И в том же 1948 году Янаихара, размышляя о роли Японии как региональной империалистической державы, определил этноцентризм как главный, поистине фатальный недостаток колониальной политики Японии:
Ассимиляционизм [до:каcюги] в японской колониальной политике имеет иную интеллектуальную основу, чем французский ассимиляционизм. В основе последнего лежала универсальная и гуманистическая идея демократии и связанные с ней идеи естественных прав и всеобщего равенства. По этой причине вред от злоупотреблений этой политики возник в результате преждевременного предоставления коренному и низкоразвитому населению свободы, которую оно не понимало, и освобождения, к которому оно не стремилось. Японский ассимиляционизм, напротив, был этническим национализмом, в сердце которого находился институт императора; здесь злоупотребления привели к усилению единства и подавлению национального самосознания с помощью абсолютистской власти. Я не верю, что японское колониальное правление было пагубным во всех отношениях.
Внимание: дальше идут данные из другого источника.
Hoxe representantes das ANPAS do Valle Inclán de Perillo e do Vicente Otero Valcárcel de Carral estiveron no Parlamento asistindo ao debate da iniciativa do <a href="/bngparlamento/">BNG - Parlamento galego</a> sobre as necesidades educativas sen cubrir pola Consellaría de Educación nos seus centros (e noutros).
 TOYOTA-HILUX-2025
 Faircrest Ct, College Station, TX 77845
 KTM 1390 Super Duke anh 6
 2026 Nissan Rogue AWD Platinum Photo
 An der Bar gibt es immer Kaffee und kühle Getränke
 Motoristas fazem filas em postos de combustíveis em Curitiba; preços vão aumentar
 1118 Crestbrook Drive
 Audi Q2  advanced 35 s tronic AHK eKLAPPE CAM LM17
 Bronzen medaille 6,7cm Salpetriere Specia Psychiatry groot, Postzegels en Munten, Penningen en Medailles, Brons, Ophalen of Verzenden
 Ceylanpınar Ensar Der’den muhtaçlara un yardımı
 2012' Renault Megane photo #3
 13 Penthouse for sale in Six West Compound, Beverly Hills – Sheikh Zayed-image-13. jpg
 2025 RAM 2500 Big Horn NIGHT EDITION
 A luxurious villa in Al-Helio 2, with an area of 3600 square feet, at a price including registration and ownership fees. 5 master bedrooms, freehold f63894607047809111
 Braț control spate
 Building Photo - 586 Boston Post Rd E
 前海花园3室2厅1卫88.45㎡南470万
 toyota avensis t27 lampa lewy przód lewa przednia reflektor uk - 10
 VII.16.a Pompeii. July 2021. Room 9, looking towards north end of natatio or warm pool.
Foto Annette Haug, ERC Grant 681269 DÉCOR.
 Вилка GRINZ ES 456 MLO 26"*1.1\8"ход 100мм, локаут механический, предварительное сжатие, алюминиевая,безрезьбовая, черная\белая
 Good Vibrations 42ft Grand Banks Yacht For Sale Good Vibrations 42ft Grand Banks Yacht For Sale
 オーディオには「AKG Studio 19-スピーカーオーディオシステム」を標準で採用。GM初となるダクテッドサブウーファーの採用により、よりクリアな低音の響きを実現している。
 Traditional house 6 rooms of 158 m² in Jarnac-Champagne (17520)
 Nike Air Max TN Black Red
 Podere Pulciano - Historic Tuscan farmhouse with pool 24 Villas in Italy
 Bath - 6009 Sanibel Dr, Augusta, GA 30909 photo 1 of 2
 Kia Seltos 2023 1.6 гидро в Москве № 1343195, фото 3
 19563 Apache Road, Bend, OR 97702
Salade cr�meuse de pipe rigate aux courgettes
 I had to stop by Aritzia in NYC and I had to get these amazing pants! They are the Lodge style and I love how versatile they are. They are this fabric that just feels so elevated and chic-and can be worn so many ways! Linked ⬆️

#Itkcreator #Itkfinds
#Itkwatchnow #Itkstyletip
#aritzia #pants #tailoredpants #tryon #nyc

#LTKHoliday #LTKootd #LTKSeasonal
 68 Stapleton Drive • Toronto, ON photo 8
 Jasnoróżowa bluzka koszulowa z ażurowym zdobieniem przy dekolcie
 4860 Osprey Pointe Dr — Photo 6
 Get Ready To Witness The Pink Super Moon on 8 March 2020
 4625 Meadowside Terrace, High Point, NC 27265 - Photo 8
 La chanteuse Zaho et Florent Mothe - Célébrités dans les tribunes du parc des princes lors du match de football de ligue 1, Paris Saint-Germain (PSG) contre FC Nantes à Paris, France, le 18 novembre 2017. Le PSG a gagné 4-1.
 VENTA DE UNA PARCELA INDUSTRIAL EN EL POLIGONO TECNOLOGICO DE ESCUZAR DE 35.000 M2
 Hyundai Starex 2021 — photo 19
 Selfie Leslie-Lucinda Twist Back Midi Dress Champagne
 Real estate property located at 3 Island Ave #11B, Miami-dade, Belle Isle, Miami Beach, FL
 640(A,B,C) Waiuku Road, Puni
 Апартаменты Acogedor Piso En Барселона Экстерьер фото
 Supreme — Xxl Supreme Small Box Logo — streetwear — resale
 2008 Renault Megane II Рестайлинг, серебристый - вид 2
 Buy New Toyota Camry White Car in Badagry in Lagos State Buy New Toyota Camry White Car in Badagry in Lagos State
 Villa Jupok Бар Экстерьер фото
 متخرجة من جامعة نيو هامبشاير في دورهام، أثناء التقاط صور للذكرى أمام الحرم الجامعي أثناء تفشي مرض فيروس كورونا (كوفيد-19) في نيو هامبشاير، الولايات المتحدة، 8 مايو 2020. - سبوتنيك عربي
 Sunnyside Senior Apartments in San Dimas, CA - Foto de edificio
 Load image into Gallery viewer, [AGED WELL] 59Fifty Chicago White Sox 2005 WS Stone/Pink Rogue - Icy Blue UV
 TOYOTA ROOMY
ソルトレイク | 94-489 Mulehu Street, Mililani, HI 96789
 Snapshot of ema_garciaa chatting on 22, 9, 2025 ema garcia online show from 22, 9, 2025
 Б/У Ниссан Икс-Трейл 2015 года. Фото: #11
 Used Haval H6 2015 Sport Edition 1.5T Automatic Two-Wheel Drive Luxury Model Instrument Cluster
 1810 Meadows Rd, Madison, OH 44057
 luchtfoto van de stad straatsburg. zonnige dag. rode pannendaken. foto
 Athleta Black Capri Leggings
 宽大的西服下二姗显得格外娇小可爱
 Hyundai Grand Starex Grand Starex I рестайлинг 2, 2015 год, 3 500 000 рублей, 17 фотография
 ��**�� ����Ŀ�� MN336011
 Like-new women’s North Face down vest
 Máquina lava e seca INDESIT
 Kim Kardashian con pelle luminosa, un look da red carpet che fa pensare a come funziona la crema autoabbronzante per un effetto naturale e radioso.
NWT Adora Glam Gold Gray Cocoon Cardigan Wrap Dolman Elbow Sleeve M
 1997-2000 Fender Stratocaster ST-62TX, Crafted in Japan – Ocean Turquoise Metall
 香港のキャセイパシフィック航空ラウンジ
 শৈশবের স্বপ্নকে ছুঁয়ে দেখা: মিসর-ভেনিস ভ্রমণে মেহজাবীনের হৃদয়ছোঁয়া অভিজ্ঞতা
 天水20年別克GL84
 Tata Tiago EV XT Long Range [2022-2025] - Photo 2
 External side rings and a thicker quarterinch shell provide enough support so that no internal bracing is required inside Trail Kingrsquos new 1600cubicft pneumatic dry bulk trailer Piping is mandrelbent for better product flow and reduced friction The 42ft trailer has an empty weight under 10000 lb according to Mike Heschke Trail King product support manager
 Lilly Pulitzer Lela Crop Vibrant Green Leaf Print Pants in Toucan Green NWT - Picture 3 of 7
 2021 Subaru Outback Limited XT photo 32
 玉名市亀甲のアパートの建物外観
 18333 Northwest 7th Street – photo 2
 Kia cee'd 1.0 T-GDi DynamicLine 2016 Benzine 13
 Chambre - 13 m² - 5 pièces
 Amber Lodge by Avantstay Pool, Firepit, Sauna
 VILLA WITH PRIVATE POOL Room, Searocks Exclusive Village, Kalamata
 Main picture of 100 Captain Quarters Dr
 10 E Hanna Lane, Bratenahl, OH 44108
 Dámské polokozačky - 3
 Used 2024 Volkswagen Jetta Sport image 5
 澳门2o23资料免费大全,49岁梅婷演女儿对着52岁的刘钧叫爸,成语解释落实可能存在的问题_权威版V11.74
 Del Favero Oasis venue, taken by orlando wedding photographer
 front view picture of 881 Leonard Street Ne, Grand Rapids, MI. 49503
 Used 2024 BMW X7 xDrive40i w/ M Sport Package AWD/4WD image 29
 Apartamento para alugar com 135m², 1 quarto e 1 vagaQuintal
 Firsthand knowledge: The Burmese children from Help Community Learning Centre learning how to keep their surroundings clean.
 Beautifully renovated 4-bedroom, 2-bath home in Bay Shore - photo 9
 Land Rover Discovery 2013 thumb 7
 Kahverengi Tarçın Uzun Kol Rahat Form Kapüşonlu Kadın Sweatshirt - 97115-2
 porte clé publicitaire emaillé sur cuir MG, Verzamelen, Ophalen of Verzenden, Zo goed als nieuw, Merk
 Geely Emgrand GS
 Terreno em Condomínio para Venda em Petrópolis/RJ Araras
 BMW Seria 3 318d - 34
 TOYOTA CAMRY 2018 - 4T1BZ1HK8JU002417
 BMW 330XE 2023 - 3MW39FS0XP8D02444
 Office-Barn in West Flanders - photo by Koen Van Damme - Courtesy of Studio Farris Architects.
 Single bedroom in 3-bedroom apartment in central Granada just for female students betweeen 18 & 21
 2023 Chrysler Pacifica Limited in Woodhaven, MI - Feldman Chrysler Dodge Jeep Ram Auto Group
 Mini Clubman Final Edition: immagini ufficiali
Экономическое развитие и распространение начального образования, по крайней мере, принесли колониальному обществу долговременную пользу. В новых обстоятельствах, в которых теперь оказались бывшие колонии Японии, последствия японской власти обсуждаются и критикуются. Конечно, никто из бывших колониальных народов не может вспоминать с благосклонностью политику идеологической ассимиляции Японии. К сожалению, японской политике ассимиляции недоставало фундамента из гуманистической и универсальной идеи, достойной этого названия [Янаихара 1964: 408].
Таким образом, японский колониализм был неспособен превзойти себя, и ему было суждено рухнуть после поражения Японии. Никто из бывших колоний не желал каким-либо образом ассоциироваться с Японией. Вместо этого, отмечает Янаихара, теперь настала очередь Японии «управляться» колониальной державой – США, которые будут применять к Японии те же принципы «автономии» (дзисюсюги) и «ассимиляционизма», то есть «демократизации», которые до сих пор практиковались на Филиппинах. Затем он проводит поразительную аналогию между районами, ранее находившимися под властью Японии, и самой оккупированной американцами Японией:
В настоящее время проводится социальный эксперимент, подобный тому, который Япония предприняла в Корее, Маньчжурии и на Тайване, то есть эксперимент, в котором одна этническая группа управляет другой [иминдзоку то:ти но миндзокутэки дзиккэн]. Но на этот раз на лабораторный стол были положены мы сами [Там же: 410].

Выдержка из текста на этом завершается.